DEM Parti Grup Başkanvekili Sezai Temelli de Edirne F Tipi Cezaevinde hükümlü bulunan eski Halkların Demokratik Partisi (HDP) Eş Genel Başkanı Selahattin Demirtaş'ın tahliyesine değinerek, şunları kaydetti:
"Burada her gün söz aldığımızda ısrarla hukuktan, adaletten, demokrasiden bahsediyoruz ve bu konuda atılacak adımların ne kadar önemli olduğunu, geç kalınmaksızın atılması gerekliliğinin altını her seferinde çiziyoruz. Bugün itibariyle 9 yıl bir gün oldu, Selahattin Demirtaş hala tutuklu. Oysa karar ortadadır. Hukuk devleti adına, hukuk adına, adalet adına yapılması gereken bir an önce tahliyesinin verilmesiyken hâlâ siyaset bunun üzerinde yorum yapıyor, konuşuyor. Oysa hukuk net. Biz artık bu anlayışla meselelere yaklaşmak zorundayız. Yani siyasallaşmış bir yargıdan artık kendimizi kurtarmak zorundayız ve bunun gibi Türkiye özellikle bu süreç içinde barışa olan özlemiyle, toplumun beklentileriyle karşı karşıyadır."

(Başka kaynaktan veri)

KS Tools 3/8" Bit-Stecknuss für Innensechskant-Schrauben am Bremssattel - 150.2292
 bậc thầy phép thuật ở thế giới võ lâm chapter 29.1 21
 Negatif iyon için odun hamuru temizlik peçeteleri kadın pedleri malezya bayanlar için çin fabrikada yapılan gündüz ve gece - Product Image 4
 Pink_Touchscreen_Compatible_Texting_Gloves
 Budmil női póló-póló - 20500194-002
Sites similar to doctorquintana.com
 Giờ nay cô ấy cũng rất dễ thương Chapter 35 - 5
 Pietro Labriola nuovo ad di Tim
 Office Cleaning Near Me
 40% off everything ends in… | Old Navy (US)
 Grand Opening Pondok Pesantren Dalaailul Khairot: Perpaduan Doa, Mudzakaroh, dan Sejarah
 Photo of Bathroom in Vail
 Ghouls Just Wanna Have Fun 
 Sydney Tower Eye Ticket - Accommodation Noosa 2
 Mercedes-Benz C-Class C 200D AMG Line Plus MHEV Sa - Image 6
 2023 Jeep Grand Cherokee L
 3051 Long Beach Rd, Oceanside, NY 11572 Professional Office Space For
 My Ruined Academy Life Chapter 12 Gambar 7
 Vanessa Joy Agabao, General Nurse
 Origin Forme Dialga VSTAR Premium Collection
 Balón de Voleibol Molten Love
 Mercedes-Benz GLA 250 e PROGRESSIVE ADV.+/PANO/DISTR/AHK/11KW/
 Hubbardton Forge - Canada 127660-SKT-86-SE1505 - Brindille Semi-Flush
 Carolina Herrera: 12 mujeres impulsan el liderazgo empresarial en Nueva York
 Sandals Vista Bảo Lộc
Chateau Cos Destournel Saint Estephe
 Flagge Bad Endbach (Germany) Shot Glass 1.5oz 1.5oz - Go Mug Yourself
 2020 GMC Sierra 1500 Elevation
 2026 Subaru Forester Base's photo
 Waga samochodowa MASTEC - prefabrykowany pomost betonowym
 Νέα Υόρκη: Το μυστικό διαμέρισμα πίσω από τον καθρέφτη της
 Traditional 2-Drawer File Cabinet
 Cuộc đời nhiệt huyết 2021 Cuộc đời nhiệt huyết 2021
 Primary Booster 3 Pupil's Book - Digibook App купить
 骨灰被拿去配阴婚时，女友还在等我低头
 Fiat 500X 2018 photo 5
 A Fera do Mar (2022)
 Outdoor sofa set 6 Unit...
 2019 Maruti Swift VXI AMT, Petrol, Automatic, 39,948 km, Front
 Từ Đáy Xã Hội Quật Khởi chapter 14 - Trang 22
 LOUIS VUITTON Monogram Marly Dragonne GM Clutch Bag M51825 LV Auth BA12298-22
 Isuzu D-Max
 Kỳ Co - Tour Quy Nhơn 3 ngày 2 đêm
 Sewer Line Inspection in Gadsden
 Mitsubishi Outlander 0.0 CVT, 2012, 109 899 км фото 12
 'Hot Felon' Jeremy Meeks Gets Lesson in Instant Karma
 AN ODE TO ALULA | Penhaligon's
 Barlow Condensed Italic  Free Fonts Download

Sürece ilişkin bir başka önemli adımın da İmralı'ya gidecek komisyonun bir an önce harekete geçmesi olduğunu belirten Temelli, "Geçmişte şöyle bir mesele vardı; ne zaman İmralı'ya gitme konusu söz konusu olsa 'koster bozuk' diyorlardı. Şimdi de anlıyoruz ki zihinler bozuk. Bu zihin bozukluğunun örneğini anket diye algı yönetimi üzerinden de izliyoruz. Oysa şunu çok iyi biliyoruz ki toplum, barış konusunda kararlıdır. Barışın yolunun da bu müzakerelerden geçtiğini, Meclis'in bu anlamda önemli bir adres olduğunu ama meselenin esas aktörüyle de müzakere yapılması gerektiğini çok iyi biliyor. Toplumun neredeyse yüzde 70'inden fazlası bu konuda kararlılığını ortaya koymuşken bu anket denen uydurma şeylerle algı yönetimine kalkışmak aslında topluma kötülük yapmaktan başka bir şey değildir" diye konuştu.r."